O  (de)EFEITO da Conjuração Setecentista Mineira
 


A Conjuração ou Inconfidência Mineira teve pouco efeito prático. Não passou de idealizações e discussões. Serviu sim à maneira ‘simbolista’ de um grande movimento que pensou as ideias Iluministas no Brasil e as fizeram sentir à moda romântica.
 
Foi um movimento mais significativo que prático e não podemos levantar conjecturas sobre suas possibilidades como alerta Tôrres:
“...não podemos discutir se possuía ou não resultados prováveis. O condicional não interessa à História; importa considerar o que efetivamente ocorreu.”¹
Levantar conjecturas sobre possibilidades é um erro crasso cometido por leigos que não têm formação  historiográfica e vivem dizendo asneiras tal qual esta:  “se tivesse acontecido assim seria assado”. A história não se faz disto e sim do acontecido nu e cru. Outro erro é analisar o que ocorreu com a visão do modo como acontecem os processos históricos, com licença da redundância, da contemporaneidade imediata – isto é anacronismo.
 
Em sua base de importância, de significados, está o fato de que este movimento mineiro do século 18 ofereceu à República Positivista, que se instalaria um século depois, a figura do herói na pessoa daquele que recebera a culpa, Joaquim José da Silva Xavier. Transformado em mártir, pintado a semelhança de Jesus Cristo teria sua imagem impressa e propagada como exemplo de dedicação brasileira e de nacionalidade.
 
Se o atual século 21 é marcado pela globalização, os precedentes 19 e 21 se pautaram no Nacionalismo.  E “esta consciência moderna de nacionalidade madrugou no Brasil graças à Inconfidência”², pois ela projetou o Estado Nacional Brasileiro.
 
Uma vez que a conjuração foi pensada segundo os ideais burgueses do Iluminismo, ela trazia de modo subjetivo e protótipo o conceito de cidadania. Rompia-se assim com significados ainda do Absolutismo português e medievalesco como o de vassalagem. Suscitava a razão de que “comunidade de terra” e não de estirpe é diferente de origem de mesmo lugar uma vez que “o liame entre suserano e o seu homem – eis o verdadeiro fundamento jurídico da nacionalidade de estirpe – era a base do laço feudal. Português era todo aquele que nascesse súdito do rei de Portugal.
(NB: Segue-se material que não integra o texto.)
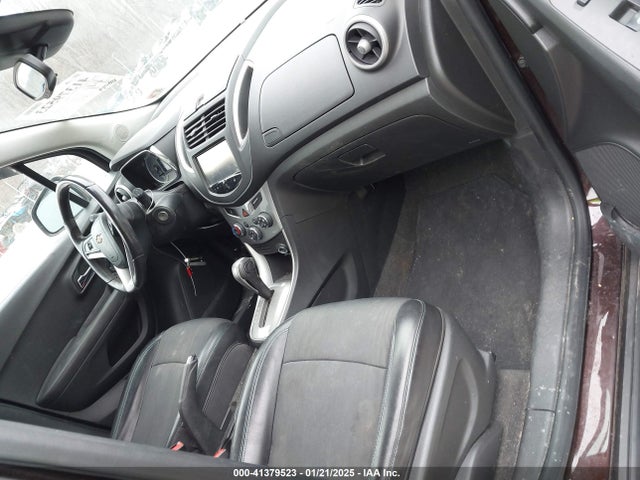 Aukcja sprzedaży 2016 Chevrolet Trax Lt, vin: KL7CJPSB4GB657333, numer aukcji: 41379523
Esta conceituação de nacionalidade em função de nexo feudal explica muita coisa, como, por exemplo, as transferências de cidades e províncias inteiras de uma soberania a outra por meio de casamentos ou heranças, assim como os fatos, bem conhecidos, de homens que se punham a serviço de outro soberano que não aquele de seu nascimento... a Inconfidência revela que os mineiros  começavam a possuir uma consciência clara”³.
 
E assim...
“A Inconfidência revela que os mineiros começavam a possuir uma consciência clara da comunidade de terra e não de estirpe. A pátria começava a ser considerada “o lugar onde se nasce” e não a terra dos antepassados. Principalmente deixava de ser a comunidade dos de mesma origem para principiar a tornar-se a comunidade dos nascidos no mesmo lugar”³.
 
Torres assim comparava a seguir “...muitos depoimentos de inconfidentes e de outras manifestações... sentiam-se mais presos à terra do que atados à fidelidade de vassalos. Todos eles se consideravam mais homens nascidos no Brasil do que súditos portugueses, o que, juridicamente, eram. Enquanto os norte-americanos raciocinaram mais em termos de direitos ofendidos, direitos oriundos das leis e costumes ingleses reconhecidos na América, alguns dos inconfidentes, se não todos, tinham-se em conta de “brasileiros” em hostilidades aos “portugueses” 4.
 
Leon Pomer nos dá a Identidade Nacional dizendo que “a Nação é uma forma particular de agrupamento por parte dos homens que a compõem. Nem todo agrupamento humano é uma nação. Não o é uma tribo nem o foram os impérios inca e romano. Na nação os homens podem professar uma ou mais religiões, falar uma ou mais línguas, reconhecer-se como diferente em vários aspectos. Mas há algo em que coincidem: em identificar-se, acima de suas particularidades e sem prejuízo de que estas particularidades continuem existindo, como membros de uma identidade superior, a identidade nacional... uma das características da nação é que a identidade comum é aceita por um número maior de pessoas do que em qualquer outro agrupamento humano. As fronteiras da nação transpõem amplamente a fronteira da comunidade local, da região, da província. Quem se reconhece membro de uma nação aceita que sejam seus conacionais as pessoas que vivem dentro dos limites do Estado (e, em certas ocasiões, fora deste), quando a nação tem seu próprio Estado independente.”¹
 
Em sua época o movimento mineiro do século 18 não teve sua praticidade e nem durante o período do Império Brasileiro do século 19. Sua práxis se faria com a República que se instalara em novembro de 1889. Pois foi na conjuração de Minas que aqueles idealizadores foram buscar conceitos como “coisa pública” e a figura de Tiradentes como exemplo de cidadão brasileiro (e não súdito) e o afã passional do sentimentalismo brasileiro. Era o modo de dar o troco por se sentirem traídos pela casa portuguesa e a forma de governo que deixou a abolição acontecer sem indenizarem os proprietários da mão-de-obra escrava e que não valorizava os homens do Exército que lutava no Paraguai.
 
Há de se perguntar: qual o “(de)efeito”  do movimento mineiro do século 18? Tudo não passou de conversas? Faltou coragem suficiente? Idealizaram mais que realizaram?
 

Segundo Augusto Comte, propalado no Brasil por Benjamim Constant, tudo é causa e consequência;  prarafraseando, tudo é efeito e defeito.
 


 
Leonardo Lisbôa,
Barbacena, 29/04/2016
 
Referências:
POMER, Leon. O Surgimento das Nações. Discutindo a História. 3ªed. São Paulo. Atual. Campinas, SP. ¹p.10.
 
TÔRRES, João Camilo de Oliveira – História de Minas Gerais V. 3. Difusão Pan-americana do livro B.H. ¹p.735; ²p. 737; ³p.736;4p.737.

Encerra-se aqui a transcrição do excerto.